Sunday, April 10, 2005

"Once you have learned how to ask questions, you have learned how to learn."

--Neil Postman, journalism scholar (1931-2003)

USU JCOM NEWS NOTE: THE JCOM Department celebrates the Class of 2005 Friday with JDay, showcasing the best of student work in print and broadcast journalism, the Web, photo, and public relations. Followed by the annual JCOM Awards Banquet--student awards, 2005-06 scholarship winner, speaker Robert Kirby of the Salt Lake Tribune, all with fine dining. For information or reservations, contact the USU JCOM Department at or 435-797-3292.

Working shifts on lamb watch, students take ewe-turns at birthing time

By Amanda Wouden

MARCH 4, 2005 | LOGAN -- Wearing coveralls, doing farm chores and sleeping in a barn have become familiar requirements for Utah State University freshman Chad Fuller. Fuller is among about 20 students who take turns keeping watch over USU's sheep during class and every night, from 7 p.m. to 6:30 a.m. during lambing season. Fuller's turn comes up once or twice each month.

"The worst thing about it is the lack of sleep," he said, "and if you have early classes the next day, it kind of wears you out."

Students are expected to complete a list of chores including herding pregnant sheep into the barn, feeding and examining them and cleaning out their pens. Students check on the mothers every two hours. But it isn't all hard work, according to teaching assistant Shannon Kincaid.
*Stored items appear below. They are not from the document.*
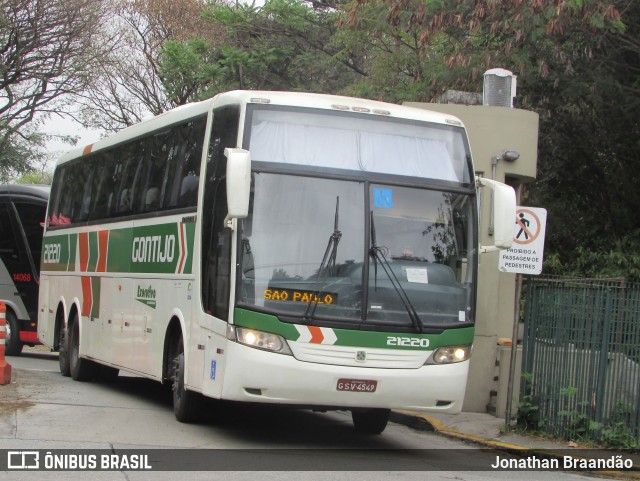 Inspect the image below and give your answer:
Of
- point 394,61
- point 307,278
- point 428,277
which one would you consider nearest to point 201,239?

"It's really easy," she said. "You just come out here and eat pizza, watch movies and make sure that the lambs are OK."

THERE YA GO, LITTLE ONE: Chad Fuller performs part of the
clip, dip and strip while on lamb watch. / Photo by Amanda Wouden

Students learn about behavioral signs of problem pregnancies -- such as sheep separating themselves from the herd, Kincaid said. Student are taught when and how to assist.
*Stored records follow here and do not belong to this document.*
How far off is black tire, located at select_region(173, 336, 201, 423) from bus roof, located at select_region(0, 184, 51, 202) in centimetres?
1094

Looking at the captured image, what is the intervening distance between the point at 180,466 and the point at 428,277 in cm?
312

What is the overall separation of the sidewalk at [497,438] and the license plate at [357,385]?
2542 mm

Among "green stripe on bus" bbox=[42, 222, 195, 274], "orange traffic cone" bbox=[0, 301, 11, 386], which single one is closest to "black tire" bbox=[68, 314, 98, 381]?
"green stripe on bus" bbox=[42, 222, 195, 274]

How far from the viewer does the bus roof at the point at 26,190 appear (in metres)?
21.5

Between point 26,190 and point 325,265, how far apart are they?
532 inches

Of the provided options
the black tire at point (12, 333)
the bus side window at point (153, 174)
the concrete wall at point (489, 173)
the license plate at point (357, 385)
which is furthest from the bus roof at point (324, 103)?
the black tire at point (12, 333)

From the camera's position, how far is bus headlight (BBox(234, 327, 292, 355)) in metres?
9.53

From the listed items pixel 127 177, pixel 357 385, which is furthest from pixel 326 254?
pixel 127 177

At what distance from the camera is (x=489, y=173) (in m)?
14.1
"We make sure everything goes smoothly," said freshman Heidi Simper. "We only intervene if we have to."

Students help with problem births by pulling out newborns from their mothers. All lambs are "clipped, dipped and stripped," said Simper. That means the students cut the umbilical cord, douse the wound with iodine and milk the udders. All lambs are also weighed.

Student do lamb watches from February through April during the lambing season. Cache Valley's winters can be harsh, but students on the lamb watch are comfortably situated inside the barn, about seven miles south of Logan, near Sardine Canyon.
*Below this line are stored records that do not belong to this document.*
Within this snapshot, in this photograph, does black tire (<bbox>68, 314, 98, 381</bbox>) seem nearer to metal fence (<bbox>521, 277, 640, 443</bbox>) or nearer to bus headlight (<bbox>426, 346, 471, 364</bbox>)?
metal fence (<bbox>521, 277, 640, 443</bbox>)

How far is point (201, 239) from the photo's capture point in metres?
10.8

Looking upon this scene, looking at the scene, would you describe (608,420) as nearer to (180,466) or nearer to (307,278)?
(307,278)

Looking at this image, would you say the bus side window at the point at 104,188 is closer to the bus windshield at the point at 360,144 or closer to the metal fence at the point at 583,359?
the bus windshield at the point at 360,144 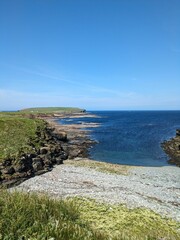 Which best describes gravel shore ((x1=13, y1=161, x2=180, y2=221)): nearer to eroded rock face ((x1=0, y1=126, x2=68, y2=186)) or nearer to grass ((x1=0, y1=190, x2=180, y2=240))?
eroded rock face ((x1=0, y1=126, x2=68, y2=186))

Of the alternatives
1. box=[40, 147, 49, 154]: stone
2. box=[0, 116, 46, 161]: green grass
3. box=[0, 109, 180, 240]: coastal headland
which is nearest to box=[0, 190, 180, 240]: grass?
box=[0, 109, 180, 240]: coastal headland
In one corner of the barn is a one-bedroom apartment with a kitchen, bathroom, space heaters and a color television set. McDonald's hamburger wrappers, a bag of Cheetos, giant soda-pop drinks and granola bars lined the kitchen counter.

"It is kind of like the dorms, just smaller," Fuller said. "You bring your own sheets or sleeping bag. There is a desk so you can do your homework if you need to."

He remembered homework sessions, but also a night where he stayed up playing X-box. Other favorite pastimes are DVDs, board games and cell-phone chats.

"I don't know if I will ever use it," Fuller said of the sheep production class, "but I definitely have gained a respect for the ag industry."